Праздник уже явно миновал свой пик. Его лихорадка спала. Возгласы, доносившиеся от отдельных групп, звучали с тем придыханием одышки и в том равнодушном тоне возврата к покою, которые слышатся в оживленных еще уличных беседах очевидцев спустя некоторое время после несчастного случая. Я поприветствовал Марино не без тени смущения и постарался не отвечать на его хитрый взгляд. Капитан пребывал в весьма хорошем настроении, что я отнес на счет благоприятных итогов утренних переговоров с фермерами. Все же я был несколько удивлен тем, что он с непривычной для него фамильярностью схватил меня за руку и что потом, когда мы медленно ходили между группами гостей, он, как мне показалось, прислушивался к обрывкам доносившихся до нас разговоров. Я видел на его лице то же самое выражение настороженной проницательности, которое приметил у него на мостике «Грозного», когда он нащупывал путь между мелями, и вдруг я понял, что в действительности он гораздо более озабочен, чем мне показалось вначале.
— Ты знаешь, кто они такие? — спросил он меня внезапно серьезным тоном, остановившись и неопределенно махнув рукой в сторону залов.
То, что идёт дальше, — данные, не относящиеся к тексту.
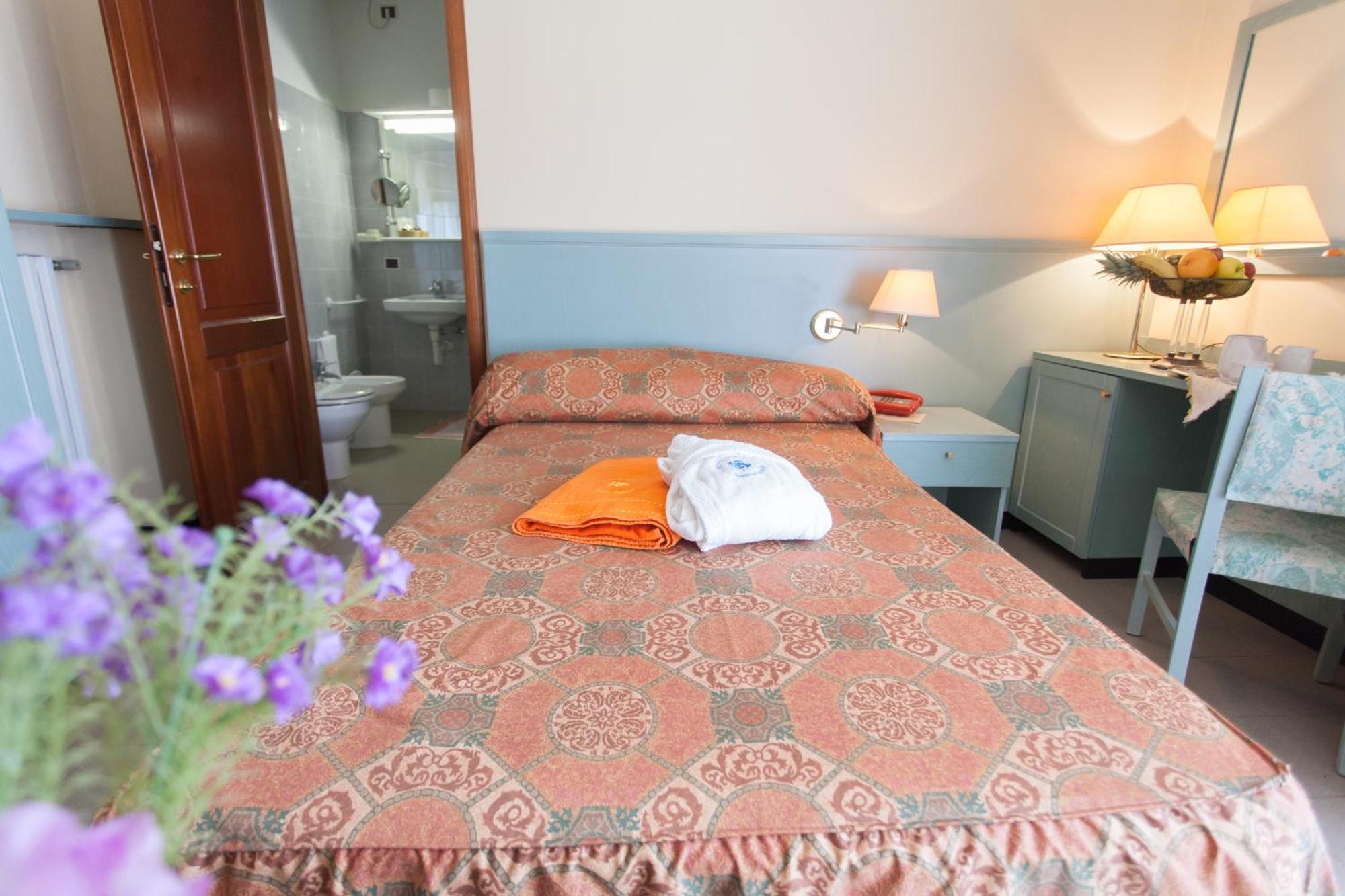 Hotel Sporting Tabiano Terme Phòng bức ảnh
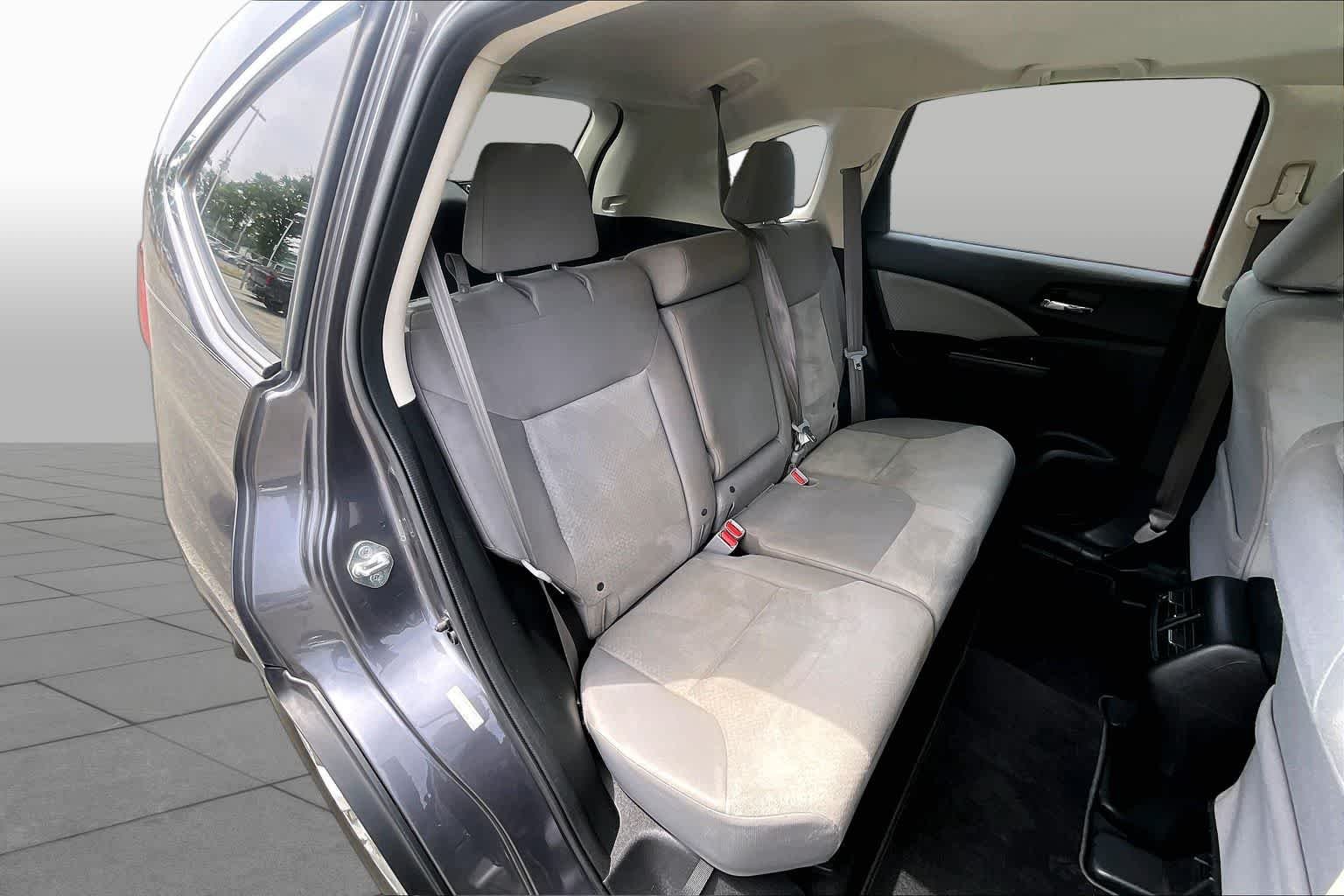 Used 2015  Honda EX image 21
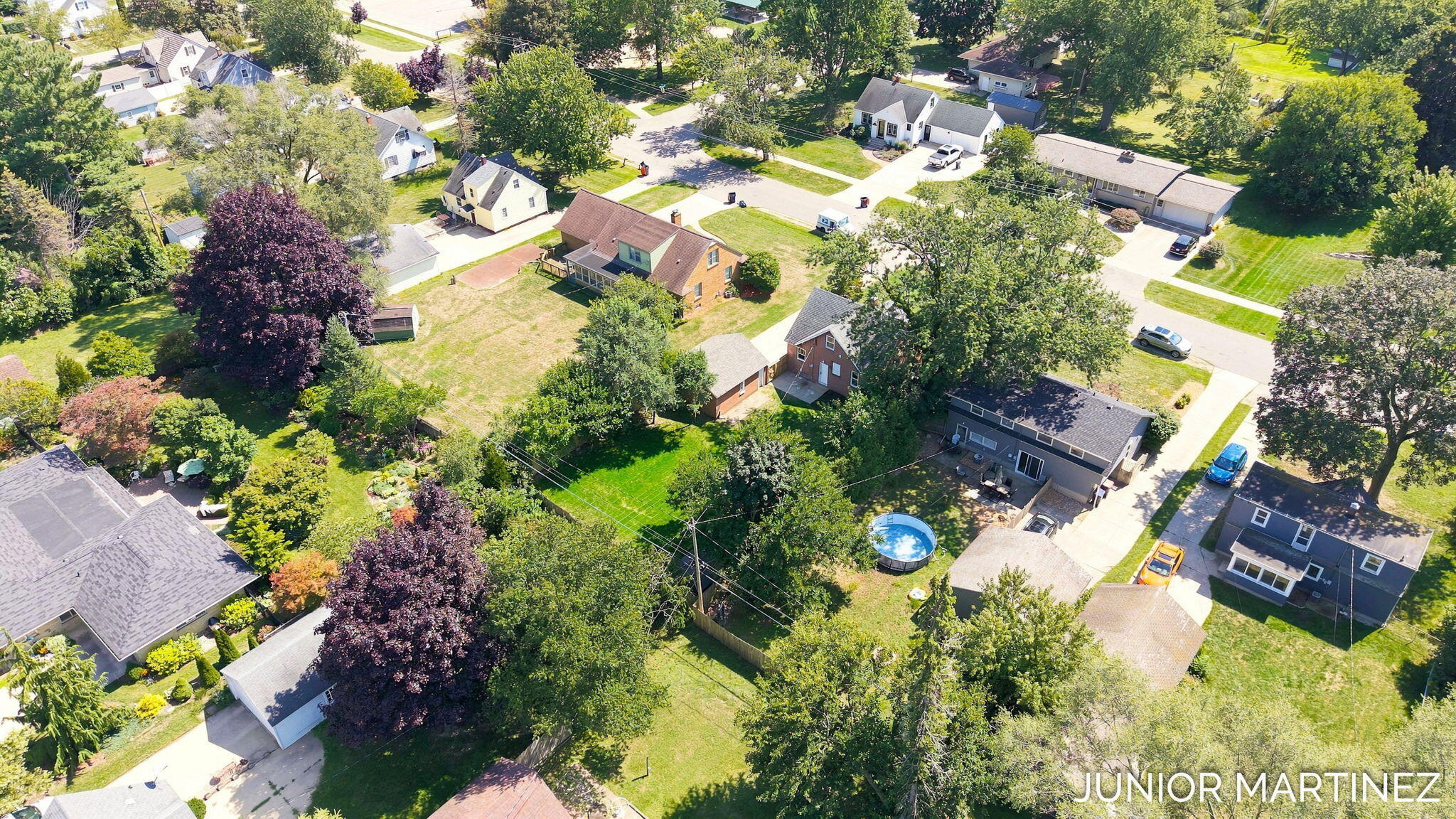 23 E 35th Street Holland MI 49423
Пораженный столь непривычными для него болезненными интонациями голоса, я стал разглядывать присутствующих более заинтересованным взглядом. Проходя, я заметил в некоторых глазах огонек внезапного внимания и то тут, то там что-то вроде дружелюбных приветствий, на которые я отвечал весьма неуклюже, оттого что у меня сразу же появилось ощущение, поначалу довольно смутное, что когда-то я все это уже видел. Постепенно некоторые из воспоминаний прояснялись. Среди присутствующих были люди, которых я наверняка встречал у моего отца, пока смерть моей матери не отвратила его от светской жизни, и я шепотом назвал Марино несколько великих фамилий Орсенны, причем таких, что само объявление их в любом салоне нашего города сразу же обеспечивало приему высокий ранг. Уверяя меня, что Сирт входит в Орсенне в моду, Ванесса была права. Однако вполне возможно, что это была не столько установившаяся мода, сколько странная причуда, и поэтому, несмотря на звучные фамилии и вид этой довольно плотной толпы, какие-то сомнения на этот счет у меня все же оставались. Слишком оживленные и как бы тонущие в общем наваждении взгляды вызывали у меня ощущение, что речь здесь идет не столько о блестящем светском приеме, сколько о вынужденном породнении, об интимном франкмасонстве курортных городов, куда приезжают лечить какую-нибудь серьезную болезнь. И меня больше не удивляло, что здоровье Марино выглядит в этой толпе чем-то избыточным. Кстати, я уже успел убедиться, до какой степени она была разнородной и с какой необычной фамильярностью общались в ней люди, которые в Орсенне даже не удосужились бы обменяться приветствием.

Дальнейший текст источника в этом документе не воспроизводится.